Implement a simple continuous batching scheduler: maintain a pool of in-progress requests; at each step, select a batch of up to max_batch_size active requests; retire finished requests and admit new ones
Measure throughput (total tokens/sec) vs. number of concurrent requests for: (a) static batching with padding, (b) your continuous batching implementation; plot the curves

Milestone

Static batching with padding at 8 concurrent requests of varying lengths (e.g., half finish in 50 tokens, half in 200 tokens): the short requests are padded to 200 tokens and waste 75% of their computation. Continuous batching in the same scenario: short requests leave the batch at step 50, freeing slots for new requests; GPU utilization stays high throughout. Expected throughput improvement: 2–3× at 8 concurrent requests of highly variable length. At uniform request lengths, continuous batching provides negligible benefit — all requests finish at the same time anyway.

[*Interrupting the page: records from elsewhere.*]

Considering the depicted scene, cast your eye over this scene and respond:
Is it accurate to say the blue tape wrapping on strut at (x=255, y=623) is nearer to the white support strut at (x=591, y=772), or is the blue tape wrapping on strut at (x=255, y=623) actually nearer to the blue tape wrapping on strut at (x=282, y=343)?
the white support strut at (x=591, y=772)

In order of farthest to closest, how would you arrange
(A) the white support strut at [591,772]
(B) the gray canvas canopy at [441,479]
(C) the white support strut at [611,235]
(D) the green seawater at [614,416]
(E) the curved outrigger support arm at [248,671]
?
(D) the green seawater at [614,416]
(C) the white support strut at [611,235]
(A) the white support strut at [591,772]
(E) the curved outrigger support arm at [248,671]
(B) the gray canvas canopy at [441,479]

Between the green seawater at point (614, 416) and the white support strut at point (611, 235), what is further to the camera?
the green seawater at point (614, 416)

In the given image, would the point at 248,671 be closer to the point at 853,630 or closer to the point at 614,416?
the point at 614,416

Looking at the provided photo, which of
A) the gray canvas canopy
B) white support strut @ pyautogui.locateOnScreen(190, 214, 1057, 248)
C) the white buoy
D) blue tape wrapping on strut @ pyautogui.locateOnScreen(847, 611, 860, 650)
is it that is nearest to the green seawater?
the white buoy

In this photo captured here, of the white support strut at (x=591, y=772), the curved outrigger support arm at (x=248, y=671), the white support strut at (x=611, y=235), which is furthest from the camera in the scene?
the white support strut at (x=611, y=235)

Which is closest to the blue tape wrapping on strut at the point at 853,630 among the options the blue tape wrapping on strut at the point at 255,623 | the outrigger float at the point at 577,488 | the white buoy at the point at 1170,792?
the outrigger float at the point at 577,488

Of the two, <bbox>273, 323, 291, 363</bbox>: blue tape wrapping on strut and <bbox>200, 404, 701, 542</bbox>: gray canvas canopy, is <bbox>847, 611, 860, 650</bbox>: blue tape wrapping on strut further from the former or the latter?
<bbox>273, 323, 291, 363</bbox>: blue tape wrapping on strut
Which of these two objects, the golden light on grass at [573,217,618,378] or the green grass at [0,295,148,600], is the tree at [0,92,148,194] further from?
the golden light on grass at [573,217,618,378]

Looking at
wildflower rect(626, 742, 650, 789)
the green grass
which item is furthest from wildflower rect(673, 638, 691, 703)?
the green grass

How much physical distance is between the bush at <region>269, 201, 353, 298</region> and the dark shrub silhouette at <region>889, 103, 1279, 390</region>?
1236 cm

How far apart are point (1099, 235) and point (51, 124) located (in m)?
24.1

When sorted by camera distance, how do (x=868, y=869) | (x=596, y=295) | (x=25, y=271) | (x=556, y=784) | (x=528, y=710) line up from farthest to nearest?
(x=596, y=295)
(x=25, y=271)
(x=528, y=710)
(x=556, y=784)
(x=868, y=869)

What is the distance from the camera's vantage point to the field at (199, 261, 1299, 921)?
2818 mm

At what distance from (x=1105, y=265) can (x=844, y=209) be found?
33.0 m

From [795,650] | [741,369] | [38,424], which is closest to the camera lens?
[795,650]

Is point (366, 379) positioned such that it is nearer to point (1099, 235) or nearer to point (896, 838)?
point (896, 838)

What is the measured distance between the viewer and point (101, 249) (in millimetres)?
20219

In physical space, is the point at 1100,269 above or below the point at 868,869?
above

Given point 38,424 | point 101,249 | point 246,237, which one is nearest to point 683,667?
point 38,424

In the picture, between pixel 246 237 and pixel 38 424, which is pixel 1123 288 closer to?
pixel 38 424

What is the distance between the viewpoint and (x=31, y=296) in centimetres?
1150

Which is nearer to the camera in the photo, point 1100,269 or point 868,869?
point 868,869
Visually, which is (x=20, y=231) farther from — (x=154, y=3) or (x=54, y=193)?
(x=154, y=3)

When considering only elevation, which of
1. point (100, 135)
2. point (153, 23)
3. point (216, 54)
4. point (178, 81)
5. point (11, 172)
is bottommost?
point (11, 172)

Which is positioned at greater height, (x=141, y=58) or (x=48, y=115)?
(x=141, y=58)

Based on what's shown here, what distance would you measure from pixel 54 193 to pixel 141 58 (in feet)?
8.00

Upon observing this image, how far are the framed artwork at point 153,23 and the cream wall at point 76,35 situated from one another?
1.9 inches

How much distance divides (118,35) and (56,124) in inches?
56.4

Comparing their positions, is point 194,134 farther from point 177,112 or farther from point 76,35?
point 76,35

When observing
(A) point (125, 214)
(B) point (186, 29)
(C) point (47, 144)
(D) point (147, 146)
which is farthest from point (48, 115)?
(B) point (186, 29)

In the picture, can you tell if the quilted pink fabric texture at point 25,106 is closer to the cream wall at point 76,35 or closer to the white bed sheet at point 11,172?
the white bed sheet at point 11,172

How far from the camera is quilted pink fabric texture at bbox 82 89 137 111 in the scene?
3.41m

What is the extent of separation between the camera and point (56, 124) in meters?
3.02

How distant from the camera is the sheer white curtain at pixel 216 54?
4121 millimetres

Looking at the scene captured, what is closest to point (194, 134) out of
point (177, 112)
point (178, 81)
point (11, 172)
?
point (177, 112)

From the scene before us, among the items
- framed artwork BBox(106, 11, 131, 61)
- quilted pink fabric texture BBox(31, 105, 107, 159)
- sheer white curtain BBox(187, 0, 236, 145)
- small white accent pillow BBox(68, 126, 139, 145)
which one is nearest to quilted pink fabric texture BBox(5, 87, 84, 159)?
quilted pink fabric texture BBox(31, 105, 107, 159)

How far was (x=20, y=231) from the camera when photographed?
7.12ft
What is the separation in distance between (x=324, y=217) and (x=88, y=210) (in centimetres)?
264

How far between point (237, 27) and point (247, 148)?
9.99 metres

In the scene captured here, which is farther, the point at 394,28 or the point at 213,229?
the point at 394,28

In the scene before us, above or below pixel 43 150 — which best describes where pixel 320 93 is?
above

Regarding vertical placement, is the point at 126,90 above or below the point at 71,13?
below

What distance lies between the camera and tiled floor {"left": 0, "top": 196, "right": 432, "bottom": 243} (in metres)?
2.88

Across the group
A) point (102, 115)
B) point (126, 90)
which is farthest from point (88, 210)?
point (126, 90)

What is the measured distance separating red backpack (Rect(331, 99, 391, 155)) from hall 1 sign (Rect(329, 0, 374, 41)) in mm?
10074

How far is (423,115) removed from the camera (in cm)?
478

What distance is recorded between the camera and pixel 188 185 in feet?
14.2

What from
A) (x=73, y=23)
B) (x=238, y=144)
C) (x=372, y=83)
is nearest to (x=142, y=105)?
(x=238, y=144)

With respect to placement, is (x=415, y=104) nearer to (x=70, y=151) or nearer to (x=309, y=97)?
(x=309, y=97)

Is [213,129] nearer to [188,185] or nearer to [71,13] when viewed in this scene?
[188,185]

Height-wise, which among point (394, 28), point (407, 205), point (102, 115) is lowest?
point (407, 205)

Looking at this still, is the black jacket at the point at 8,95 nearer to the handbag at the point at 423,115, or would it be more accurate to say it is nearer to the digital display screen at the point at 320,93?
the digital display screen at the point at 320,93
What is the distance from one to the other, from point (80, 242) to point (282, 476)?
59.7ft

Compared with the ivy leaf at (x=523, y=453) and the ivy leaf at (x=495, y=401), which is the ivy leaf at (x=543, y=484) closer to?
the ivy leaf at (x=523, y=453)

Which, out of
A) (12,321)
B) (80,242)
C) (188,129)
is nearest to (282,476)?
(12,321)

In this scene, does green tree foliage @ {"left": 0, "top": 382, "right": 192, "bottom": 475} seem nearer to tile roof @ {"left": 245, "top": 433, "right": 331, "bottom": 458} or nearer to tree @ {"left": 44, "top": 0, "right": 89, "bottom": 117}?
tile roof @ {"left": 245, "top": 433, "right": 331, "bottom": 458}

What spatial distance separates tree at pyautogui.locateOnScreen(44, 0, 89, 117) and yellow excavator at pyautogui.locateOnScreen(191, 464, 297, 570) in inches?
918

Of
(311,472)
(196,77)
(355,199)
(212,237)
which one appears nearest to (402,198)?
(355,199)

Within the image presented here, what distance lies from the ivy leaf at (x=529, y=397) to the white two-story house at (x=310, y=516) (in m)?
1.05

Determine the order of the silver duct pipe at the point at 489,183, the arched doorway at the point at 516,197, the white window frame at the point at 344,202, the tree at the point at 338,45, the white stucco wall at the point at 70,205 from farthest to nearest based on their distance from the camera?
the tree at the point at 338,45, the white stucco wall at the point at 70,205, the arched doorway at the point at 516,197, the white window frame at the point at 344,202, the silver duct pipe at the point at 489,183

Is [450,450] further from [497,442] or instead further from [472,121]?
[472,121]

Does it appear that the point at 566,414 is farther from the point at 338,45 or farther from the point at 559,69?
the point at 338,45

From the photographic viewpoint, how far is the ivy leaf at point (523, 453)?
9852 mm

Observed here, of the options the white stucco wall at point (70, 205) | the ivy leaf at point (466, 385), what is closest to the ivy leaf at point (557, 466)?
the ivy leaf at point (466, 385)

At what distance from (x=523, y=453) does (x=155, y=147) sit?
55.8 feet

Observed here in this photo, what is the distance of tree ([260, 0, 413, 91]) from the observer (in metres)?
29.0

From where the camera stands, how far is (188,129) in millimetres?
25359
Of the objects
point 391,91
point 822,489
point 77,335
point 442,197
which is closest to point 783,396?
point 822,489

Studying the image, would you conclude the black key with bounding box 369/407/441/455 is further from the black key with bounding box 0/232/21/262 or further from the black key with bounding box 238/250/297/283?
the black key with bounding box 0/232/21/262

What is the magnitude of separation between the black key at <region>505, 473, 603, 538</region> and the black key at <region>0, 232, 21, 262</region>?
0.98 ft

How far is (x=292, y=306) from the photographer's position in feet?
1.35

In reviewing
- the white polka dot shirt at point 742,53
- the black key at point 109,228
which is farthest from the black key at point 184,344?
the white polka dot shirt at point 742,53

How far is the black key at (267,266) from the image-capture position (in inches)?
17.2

Week 20 — Quantized Inference with GGUF and llama.cpp

Concepts to understand:

GGUF format: the file format used by llama.cpp for quantized LLM inference; stores model weights in a structured binary format with per-layer quantization metadata; supports Q2_K through Q8_0 quantization types
llama.cpp quantization types: Q4_K_M (4-bit, k-quants with mixed precision on critical layers), Q6_K (6-bit, higher quality), Q8_0 (8-bit, near-lossless); the _K suffix indicates “k-quants” — a technique that uses higher precision for the first and last layers (which are more sensitive to quantization)
CPU inference with quantized models: GGUF enables LLM inference on consumer CPUs without a GPU; llama.cpp uses SIMD intrinsics (AVX2, ARM NEON) to perform fast integer matrix multiplication; a Q4_K_M model at 7B parameters fits in ~4.1GB of RAM and runs at ~10 tok/s on a modern laptop CPU
Measurement: when reporting parameter counts in Parameter Golf, quantized models report the number of FP32-equivalent parameters (actual_bits / 32); an INT4 model with 10M INT4 weights is reported as 1.25M parameters

Coding tasks:

Convert your trained nanoGPT to GGUF format using llama.cpp’s conversion scripts; quantize to Q4_K_M and Q6_K; run inference and measure: perplexity vs. FP32, memory footprint, tokens/sec on CPU
Compare GGUF Q4 vs. AutoGPTQ INT4 on the same model: which achieves lower perplexity at the same bit budget? Why might they differ despite both being 4-bit?

Milestone

GGUF Q4_K_M and AutoGPTQ INT4 may produce different perplexity despite the same nominal bit depth. GGUF K-quants use mixed precision (higher bits on the first/last layers and on specific attention layers that are more quantization-sensitive); AutoGPTQ uses uniform 4-bit across all layers by default. The per-layer sensitivity insight — that some layers can tolerate aggressive quantization while others cannot — is the most important practical heuristic in model compression. Measuring per-layer quantization error and allocating more bits to sensitive layers is the approach used in the highest-scoring Parameter Golf quantization entries.